Setelah bus hilang ditelan terowongan, saya antar pelan-pelan Zae ke kamarnya menyeberangi jalan. Ia tersengal-sengal saat naik tangga terowongan. Kata Ani (bukan nama sebenarnya), istrinya, suaminya punya kelainan jantung. Zae benar-benar tak sanggup lagi berjalan ketika tiba di ujung terowongan. Badannya menggigil, istrinya panik, saya lebih panik. Saat itulah saya tegaskan agar mereka tak meninggalkan tempat, saya akan mencari kursi roda. Saya kemudian bergegas berlari menuju hotel terdekat mencari kursi roda. Ajaib. Ada kenikmatan tersendiri ketika saya berlari, bahkan lebih nikmat dari lari yang saya lakukan di antara dua lampu hijau di tempat sa’i.

Saya rindu berlari dalam sa’i di Masjid Haram, Allah ternyata mengizinkan saya ‘’bersai’’ di keramaian jalan Mahbas Jin!

Dari hotel, kembali saya berlari kencang mendorong kursi roda itu ke arah Zae yang masih berdiri menggigil ditopang istrinya.  Saat mendorong pelan lelaki ini menuju hotelnya, saya seperti berjalan dalam tawaf yang selalu mengasyikkan. Saya hibur dia dengan lembut, seperti saya menghibur diri saya yang penuh dosa dengan bisikan-bisikan halus kepada-Nya. Saya yakinkan istrinya yang cemas, seperti saya yakinkan diri saya bahwa Dia yang Rahman dan Rahim pasti mengampuni dosa-dosa saya yang lebih tinggi dari Jabal Uhud.

Saya rindu berputar pelan dalam tawaf di Masjid Haram, Allah mengizinkan saya ‘’tawaf’’ di keramaian jalan Mahbas Jin!

Inilah inti haji dan umrah sesungguhnya, yakni peduli pada kemanusiaan. Mabrur adalah bahasa Arab yang berarti penuh kebaikan pada makhluk lain!

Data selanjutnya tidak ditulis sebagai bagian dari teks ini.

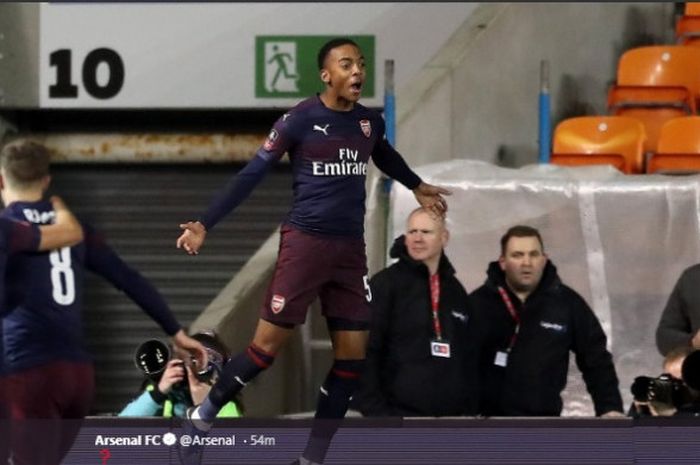 Selebrasi penyerang muda Arsenal, Joe Willock usai mencetak gol ke gawang Blackpool dalam pertandingan babak ketiga Piala FA di Stadion Bloomfield Road, Sabtu (5/1/2019) atau Minggu dini hari WIB.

Sampai di lantai 11 hotel tempat Zaenuddin tinggal, ternyata saya belum diizinkan Allah ‘’bertahallul’’. Di depan kamar Zae, ada seorang laki-laki yang sedang berteriak-teriak, lengkap dengan pakaian ihramnya.  Dia memaki-maki istrinya yang dia tuduh bersekongkol dengan jamaah lain meninggalkan dirinya sendiri di kamar. Dari percakapan singkat dengannya, saya tahu dia sedang mengidap halusinasi bahwa dia sudah berhari-hari tinggal di Makkah, padahal dia baru tiba semalam. Dia juga tak mau kembali ke kamarnya karena merasa semua orang mengucilkan dirinya. Terkadang jawabannya normal. Tapi, ketika ditanya apakah dia sudah melaksanakan umrah, lelaki ini selalu menjawabnya secara diplomatis sesuai standar orang yang mengidap halusinasi.

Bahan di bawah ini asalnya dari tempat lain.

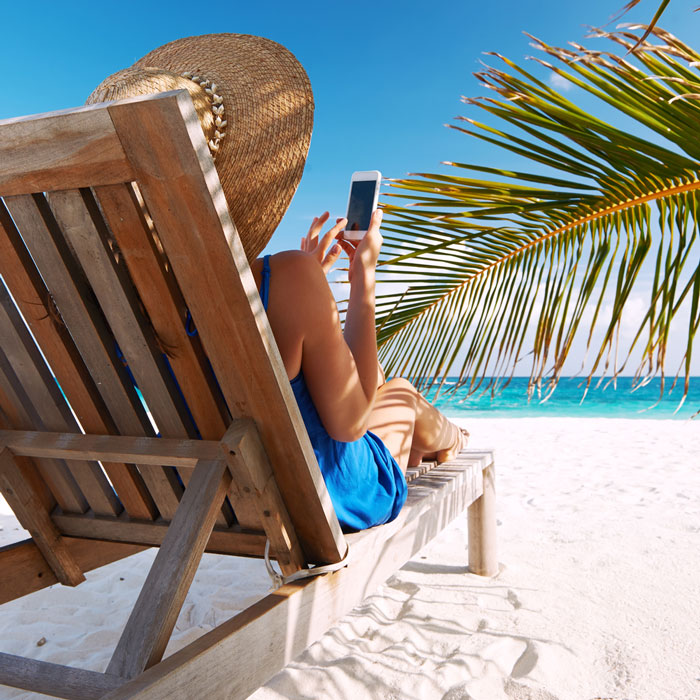 Telefoons mee op vakantie: kunnen wij en onze tieners wel zonder?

Untung, ada seorang dokter yang menjadi jemaah haji dan menetap di lantai 11 itu. Saya percaya kepada dokter itu ketika meninggalkan Zae dan lelaki yang hilang ingatan ini. Saya tak mau berteori. Tapi, sesungguhnyalah Masjid Haram pasti diisi oleh energi positif yang terdiri atas bermiliar-miliar malaikat yang juga terus bertawaf di sana tanpa henti. Jika seseorang membawa energi negatif, entah apa bentuk dan wujudnya, sudah pasti ia tak sanggup memasuki gerbang masjid  yang dibangun sejak ribuan tahun lalu itu.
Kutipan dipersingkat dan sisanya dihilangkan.